Citava Giovanna d’Arco, titolo che nel 2015 ha aperto quello che lei definisce un «trittico giovanile verdiano», proseguito nel 2018 con Attila e che ora approda a Macbeth. Perché è importante esplorare questo primo Verdi?
Perché specie in Macbeth c’è un linguaggio talmente evoluto per il tempo in cui è stato scritto da lasciare ogni volta stupiti. In questa partitura, scritta nel 1847 per Firenze e ripensata nel 1865 per Parigi, ci sono segnali imprescindibili che gettano una luce sull’ultimo Verdi, proiettando la scrittura ben oltre la trilogia romantica di Rigoletto, Trovatore e Traviata per il colore orchestrale e per la concezione del canto. Penso ad Otello, altra opera che si ispira a Shakespeare, scritta nel 1887, dove ci sono passaggi, specialmente sinfonici, che si trovano già in Macbeth.
Dunque nel primo Verdi c’è già il seme di tutto il Verdi che verrà?
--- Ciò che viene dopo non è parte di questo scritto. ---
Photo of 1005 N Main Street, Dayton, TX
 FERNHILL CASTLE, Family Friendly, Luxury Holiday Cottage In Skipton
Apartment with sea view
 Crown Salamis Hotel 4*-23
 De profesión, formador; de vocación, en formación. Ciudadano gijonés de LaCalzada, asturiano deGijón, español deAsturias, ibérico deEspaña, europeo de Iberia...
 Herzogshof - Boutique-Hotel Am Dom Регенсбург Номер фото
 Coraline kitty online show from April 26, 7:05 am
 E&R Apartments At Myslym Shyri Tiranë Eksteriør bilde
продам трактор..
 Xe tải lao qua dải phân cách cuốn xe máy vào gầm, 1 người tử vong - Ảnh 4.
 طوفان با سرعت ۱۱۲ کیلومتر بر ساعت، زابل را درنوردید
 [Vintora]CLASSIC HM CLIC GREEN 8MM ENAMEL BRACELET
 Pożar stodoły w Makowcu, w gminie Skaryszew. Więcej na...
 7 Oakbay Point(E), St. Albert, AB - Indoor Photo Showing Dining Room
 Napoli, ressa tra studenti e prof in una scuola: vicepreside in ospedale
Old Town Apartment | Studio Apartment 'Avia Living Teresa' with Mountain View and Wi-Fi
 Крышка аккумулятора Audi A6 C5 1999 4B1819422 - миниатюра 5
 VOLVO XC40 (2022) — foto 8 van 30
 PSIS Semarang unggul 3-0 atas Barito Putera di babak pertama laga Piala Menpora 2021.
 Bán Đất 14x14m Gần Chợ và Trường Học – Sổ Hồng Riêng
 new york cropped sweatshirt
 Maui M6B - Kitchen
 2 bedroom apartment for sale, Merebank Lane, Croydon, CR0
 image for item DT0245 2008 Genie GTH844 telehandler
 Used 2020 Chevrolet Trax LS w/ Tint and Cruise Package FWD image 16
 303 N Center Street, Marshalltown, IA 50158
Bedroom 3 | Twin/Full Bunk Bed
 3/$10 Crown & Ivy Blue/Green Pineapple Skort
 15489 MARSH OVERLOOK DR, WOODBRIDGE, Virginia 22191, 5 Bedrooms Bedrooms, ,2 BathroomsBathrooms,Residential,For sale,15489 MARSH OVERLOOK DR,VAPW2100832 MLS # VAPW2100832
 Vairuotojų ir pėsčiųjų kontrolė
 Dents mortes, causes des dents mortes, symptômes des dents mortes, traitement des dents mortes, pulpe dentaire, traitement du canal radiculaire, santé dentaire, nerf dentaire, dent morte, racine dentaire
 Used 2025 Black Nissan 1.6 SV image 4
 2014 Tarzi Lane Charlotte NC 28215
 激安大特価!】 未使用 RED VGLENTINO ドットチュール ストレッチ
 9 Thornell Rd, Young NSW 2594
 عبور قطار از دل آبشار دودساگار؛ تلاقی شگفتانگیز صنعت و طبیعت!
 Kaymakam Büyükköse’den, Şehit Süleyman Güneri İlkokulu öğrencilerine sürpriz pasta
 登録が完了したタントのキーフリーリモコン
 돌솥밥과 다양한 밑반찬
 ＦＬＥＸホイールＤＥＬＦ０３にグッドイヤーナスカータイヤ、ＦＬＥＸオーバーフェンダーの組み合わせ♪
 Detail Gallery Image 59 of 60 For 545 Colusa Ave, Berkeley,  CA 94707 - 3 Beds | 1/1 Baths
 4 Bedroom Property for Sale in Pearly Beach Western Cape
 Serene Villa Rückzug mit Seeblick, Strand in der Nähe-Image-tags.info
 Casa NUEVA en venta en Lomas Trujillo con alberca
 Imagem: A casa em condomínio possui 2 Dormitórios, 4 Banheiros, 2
Macbeth, dove il compositore fa un grande passo avanti rispetto a Giovanna d’Arco e Attila, lo dice bene. Sul leggio avrò l’edizione critica di David Lawton che offre maggiore chiarezza delle articolazioni e delle dinamiche, aspetti quasi impercettibili, ma che ci restituiscono una partitura in un modo inedito. E questo mi ha imposto di ristudiare completamente la partitura. Anche perché l’ultima volta che ho diretto Macbeth era il 1987 per il film di Claude D’Anna con Leo Nucci, Shirley Verret e i complessi del Comunale di Bologna. Allora non avevo ancora affrontato Otello, che ho diretto qualche anno dopo ad Amsterdam: ora, riprendendo in mano Macbeth dopo oltre trent’anni, le analogie tra le due opere mi risultano evidenti e vedo chiaramente l’evoluzione del linguaggio di Verdi dai titoli della gioventù ai capolavori della maturità, comprendendo una volta di più la grandezza di ciò che il compositore è riuscito a fare nel suo percorso artistico. In Otello, in Falstaff riconosco i frutti del seme gettato in Macbeth.
Macbeth che lei propone nella versione del 1865.
E, come raccomandava Verdi, con i ballabili, pagina di grande virtuosismo, dieci minuti di musica intensa che sono parte sostanziale della drammaturgia dell’opera, penso al terzo ballabile che è un valzer tragico, diabolico e presago di morte. Per questo con il regista Davide Livermore abbiamo pensato ad una pantomima alla quale partecipano anche i protagonisti. E per allontanarci da un linguaggio classico abbiamo chiamato un coreografo come Daniel Ezralow. Dalla versione del 1847, invece, prende la morte di Macbeth, il «Mal per me che m’affidai» poi eliminato nella versione del 1865. Una tradizione (ora avallata anche dall’edizione critica) iniziata da Claudio Abbado che ho fatto mia già nel 1984 quando ho diretto Macbeth a Salisburgo con Piero Cappuccilli. Ora la ripropongo perché in scena c’è un interprete con la personalità di Luca Salsi. Una pagina che offre al finale un senso teatrale fortissimo, con quel ritmo di marcia funebre che mi richiama il «Niun mi tema» di Otello. E i due strappi di fa minore e do maggiore sulle parole «vil corona » di Macbeth chiudono il cerchio con il preludio, dove i due accordi si ritrovano identici.
Il 7 dicembre tutto il mondo guarda alla Prima della Scala. Qual è il messaggio che volete dare quest’anno?
Si riparte, dopo l’inaugurazione a porte chiuse del 2020. Certo si riparte in un momento cupo con tutte le preoccupazioni che stiamo vivendo per le mutazioni del virus e per l’aumentare dei contagi. E forse non è un caso che in cartellone ci sia proprio Macbeth, titolo che per la quarta volta dal 1952 inaugura il cartellone. Torna ogni vent’anni per dire qualcosa di attuale alla nostra società.